Ripple currently holds around 35.9 billion XRP in escrow, releasing 1 billion each month. However, the company frequently relocks a large portion of that supply, typically sending back to escrow around 800 million XRP per month, making most of it unavailable for active use. In addition to escrow, Ripple also holds 4.9 billion XRP outside of it for strategic purposes such as acquisitions and incentives. These tokens are not considered part of the liquid supply accessible to the broader market.
Just like Bitcoin, XRP suffers from early wallet losses. An estimated 5 to 8 billion XRP may be permanently inaccessible due to lost keys or abandoned wallets. Institutional holders, including Ripple founders and major early adopters, collectively hold between 20 and 25 billion XRP. These tokens rarely move and are typically held in a long-term position, further shrinking the liquid supply.
With the recent launch of automated market makers and the gradual expansion of DeFi on the XRP Ledger, more XRP is being committed to liquidity pools and decentralized applications. Though still in its early stages, this trend introduces an additional layer of long-term lockup, further tightening the available supply. The most recent data shows that 12.48 million XRP tokens are currently locked in AMM pools.

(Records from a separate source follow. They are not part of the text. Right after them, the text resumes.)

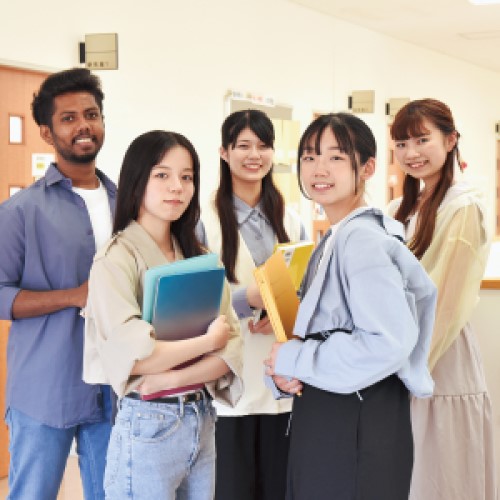 別府溝部学園短期大学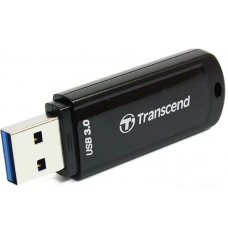 Flash-память Transcend JetFlash 700 (TS256GJF700K); 256Gb; USB 3.1; Black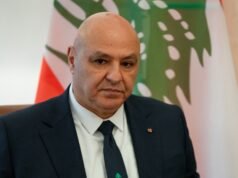 Le pressioni degli Stati Uniti affinché i leader libanesi e israeliani si incontrino potrebbero infiammare le tensioni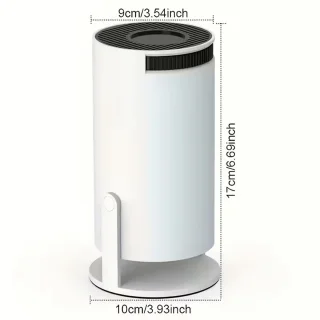Slimme Projector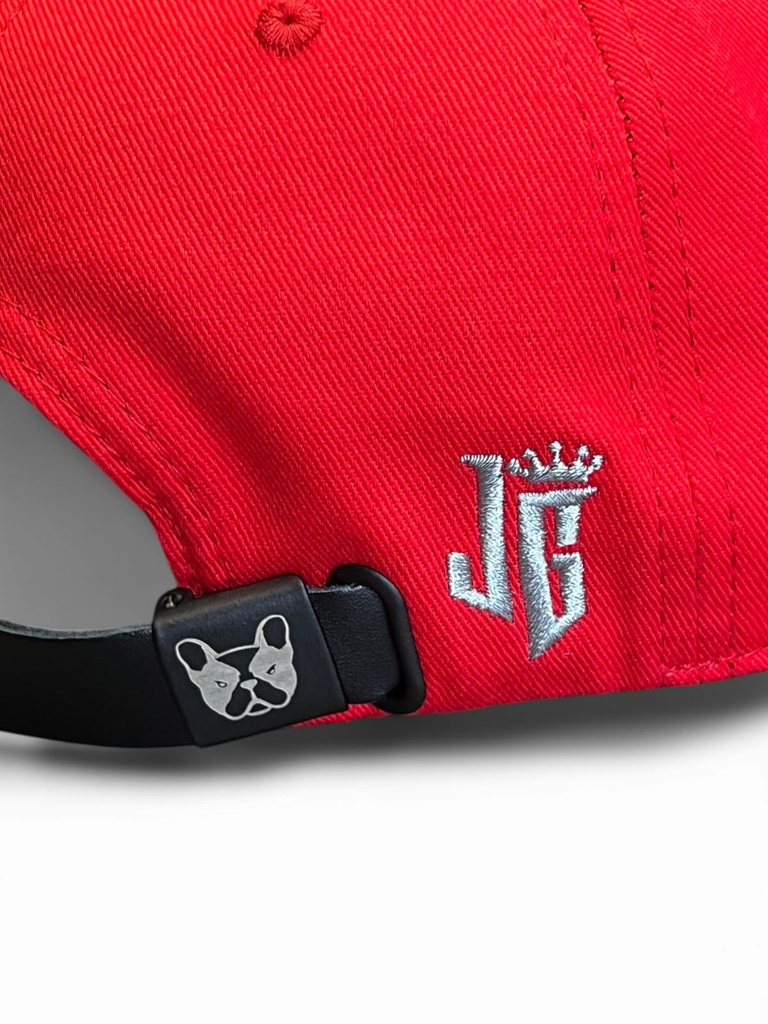 GORRA JG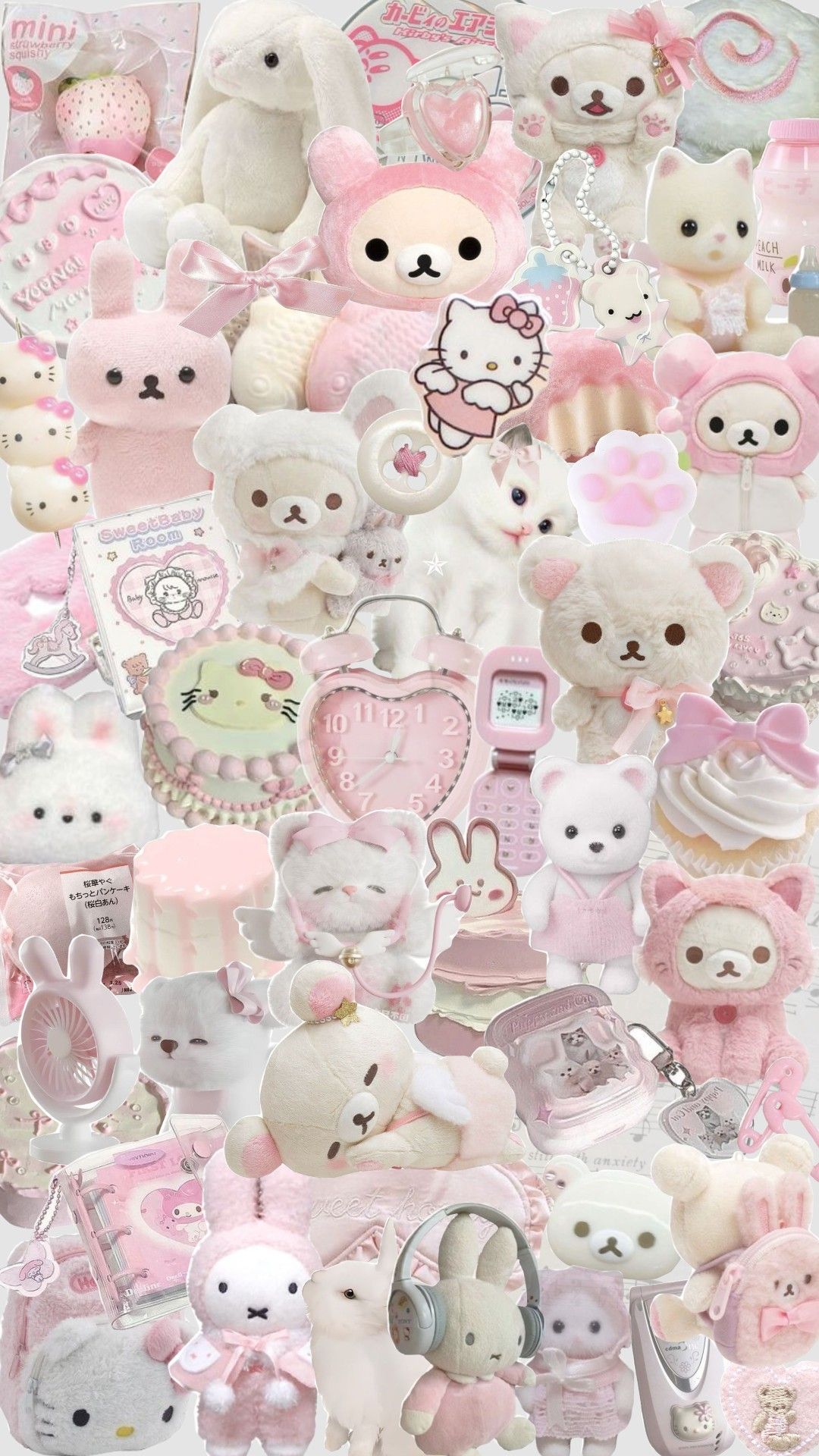 cute kawaii wallpapers 0045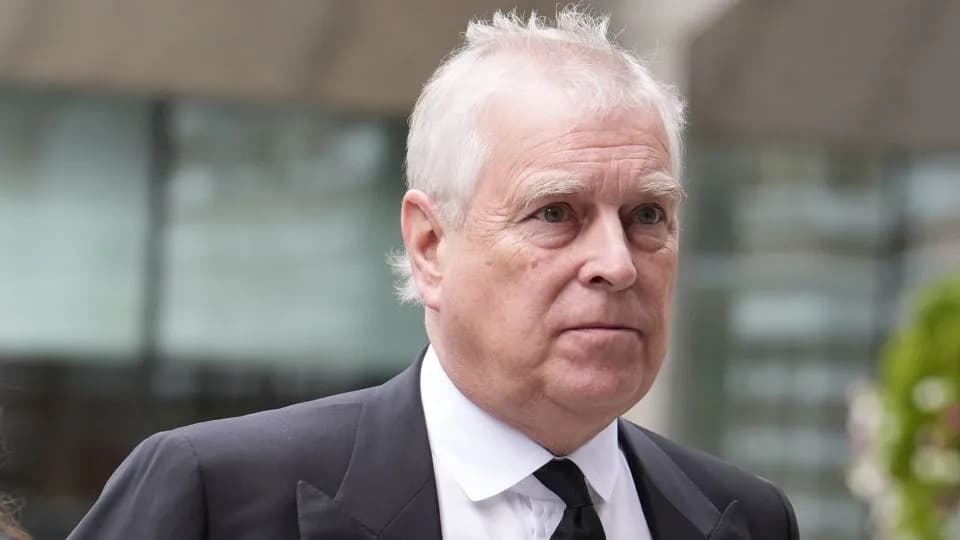 Thames Valley Police Renew Witness Appeal in Andrew Mountbatten‑Windsor Inquiry After Epstein Files Published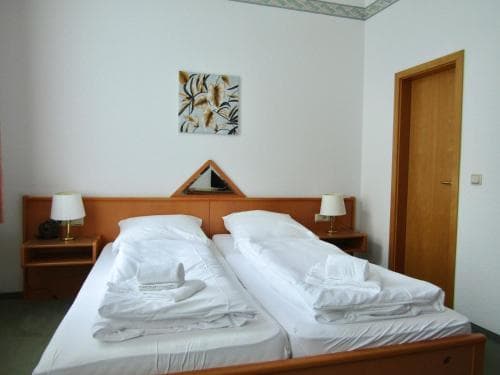 Rathaus Hotel Wernigerode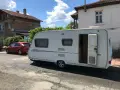 Каравана Sterling Europa 520 T3A 2007, снимка 14
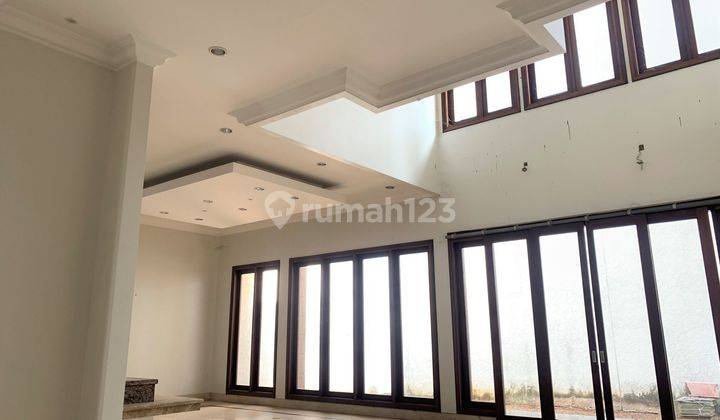 Turun Harga Rumah Mewah The Crown Phg Gading Serpong  2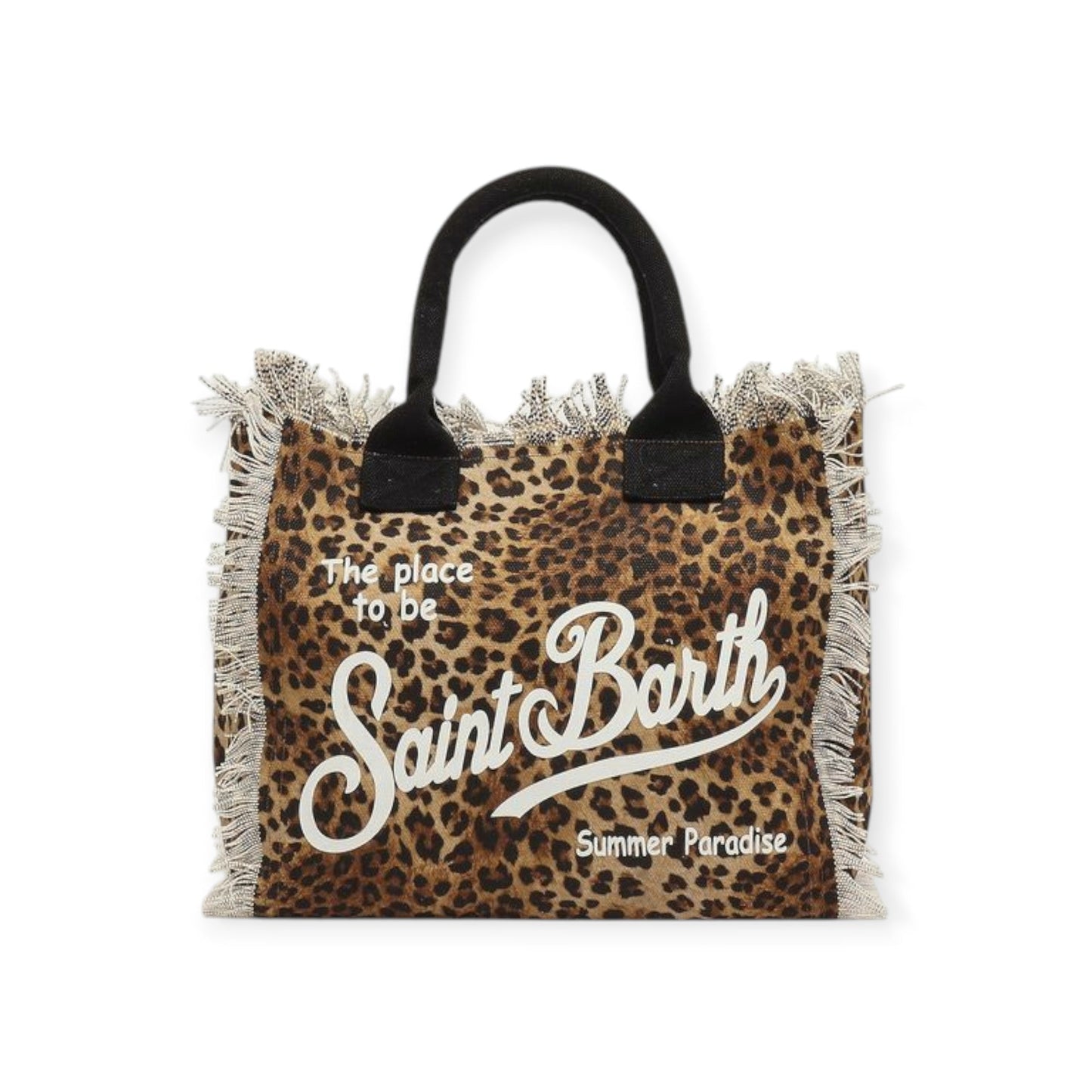 BORSA VANITY LEOPARDATA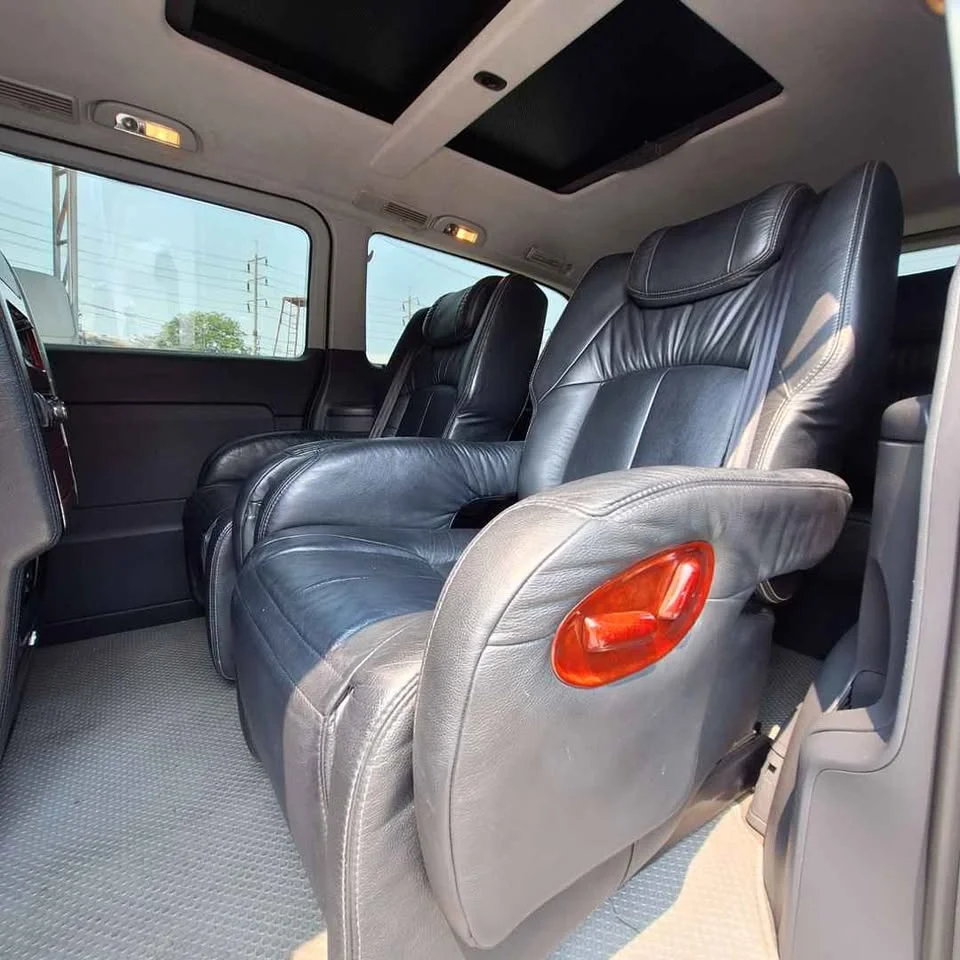 2011 Benz Vito W639 3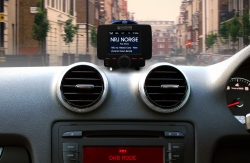Connects2, Auto DAB-Go S  grotuvas 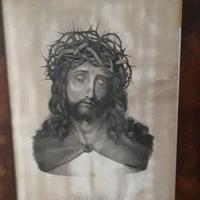 Quadri vintage religiosi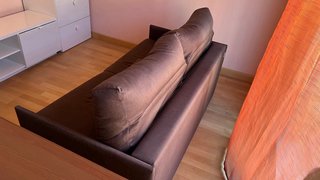 Mueble modular blanco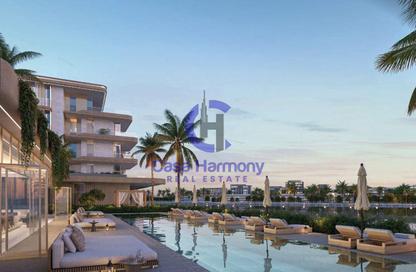 Apartment - 4 Bedrooms - 6 Bathrooms for sale in Bay Grove Residence 4 - Bay Grove Residences - Dubai Islands - Dubai Apartment - 4 Bedrooms - 6 Bathrooms for sale in Bay Grove Residence 4 - Bay Grove Residences - Dubai Islands - Dubai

Taking all these factors into account, Ripple’s escrow, inaccessible tokens, long-term holders, and DeFi commitments, the developer concludes that only 12 to 15 billion XRP are likely available for immediate business use. This represents just 12% to 15% of the total 100 billion supply. As use cases like on-demand liquidity, CBDC settlement, and asset tokenization increase, demand for XRP utility could begin to outpace available supply. With such a limited float, any meaningful surge in adoption or institutional use may result in a rapid repricing of the asset as markets adjust to the real liquidity constraints.
The developer's insights into the liquidity of XRP provide a more nuanced understanding of its potential and limitations, highlighting the importance of liquidity in determining the value and utility of a digital asset. The scarcity argument for XRP underscores its potential value as a digital asset, particularly in the context of institutional payments and cross-border transactions. The developer's analysis indicates that XRP's liquidity is a critical factor in its adoption and usage, as it directly impacts its ability to facilitate seamless and efficient transactions.